COS 49-10
Cohort splitting: Mechanisms modeled, relevance revealed
Understanding the role of adaptive plasticity under random environmental variation is a central challenge of contemporary life history analysis. An important class of plastic responses is "cohort splitting", in which groups of organisms beginning development at nearly the same time follow distinctly different developmental pathways. Our review of studies published in ecological journals identified three main mechanisms proposed to explain cohort splitting: initiation asynchrony, in which differences in start-up timing can trigger a split; condition dependence, a bifurcation at some intermediate developmental stage; and bet hedging, spreading risk between the pathways. We propose a fourth mechanism likely to prove important: (negative) frequency dependence, interactions between mortality rates or fecundities associated with the alternative pathways.
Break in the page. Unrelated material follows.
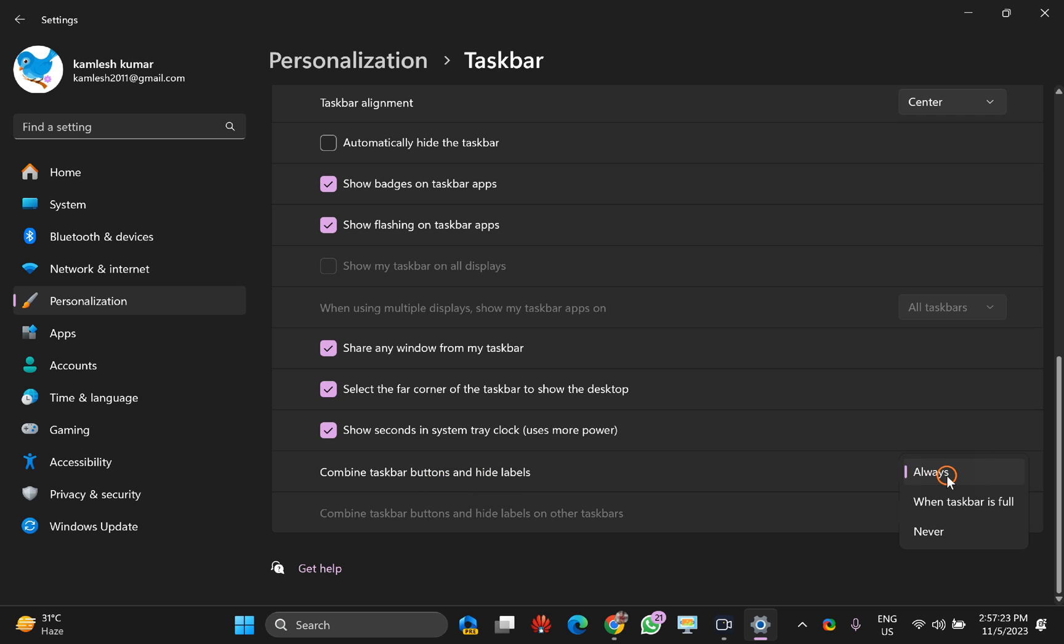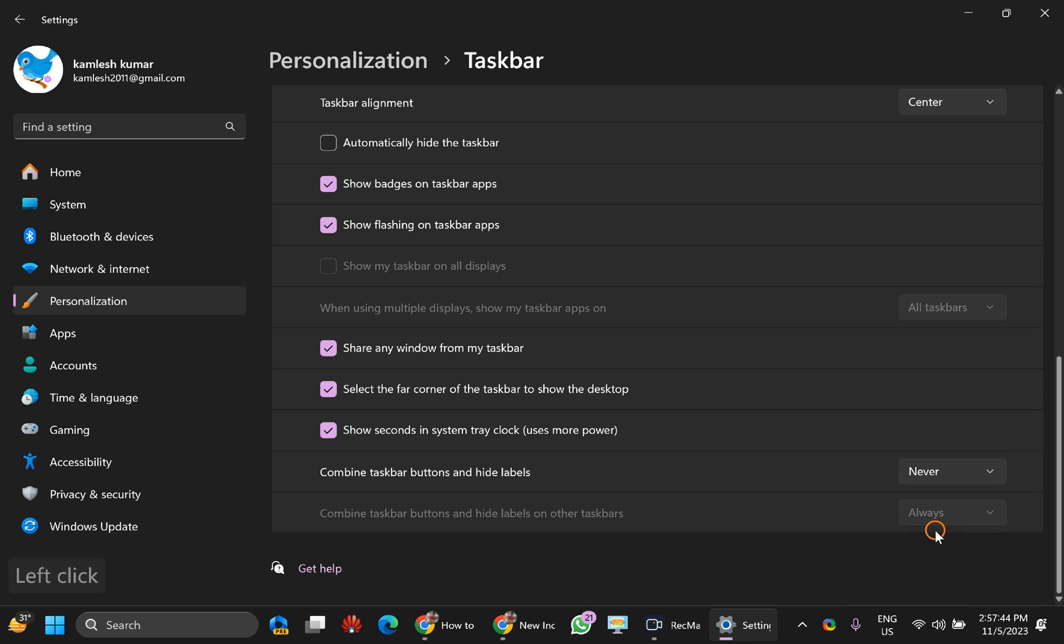If you select this Always option, then taskbar icons will always be combined and will show a single icon on your taskbar. If you select this one, When taskbar is full, then when taskbar is full, Windows 11 will automatically combine icons. The last option is Never.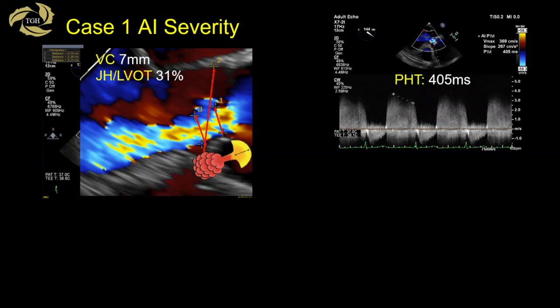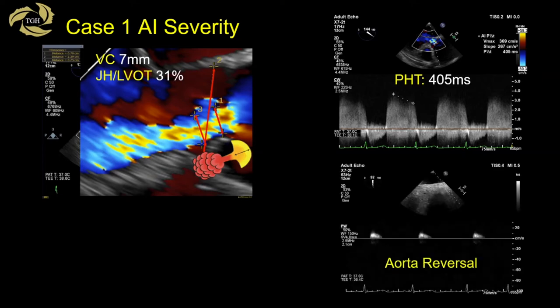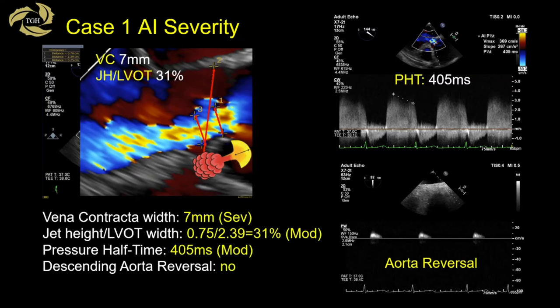Pressure half-time is measured from the stomach via a transgastric deep or long axis view. In this patient, the pressure half-time is 405 ms with some aortic flow reversal. Putting it all together, the vena contracta is 7 mm, suggesting severe AI. However, other parameters support either moderate or severe, so whether you classify this as moderate or severe depends on additional parameters.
We use optimization models to evaluate production of cohort splits by these four mechanisms and to determine the conditions under which each is most likely to apply.
Results/Conclusions
We show that initiation asynchrony can make cohort splitting optimal but may feature high year-to-year variation in whether a split occurs or in the proportions following different pathways. Condition dependence requires sufficiently high random variation in developmental rates to generate cohort splits, and the critical thresholds at which the split appears should vary considerably among different climate-based seasonal environmental patterns. High random variation between pathways in reproductive success is essential for bet hedging to prove effective. Our results indicate a rather narrow range of conditions in which bet hedging leads to cohort splitting, despite its relative popularity as an explanation in the literature. Frequency dependence can arise from alternative mating strategies but is notoriously challenging to demonstrate. If present, frequency dependence can readily lead to cohort splits. Climate change has the potential to influence all of these mechanisms and to change the spatial distributions over which populations split their cohorts.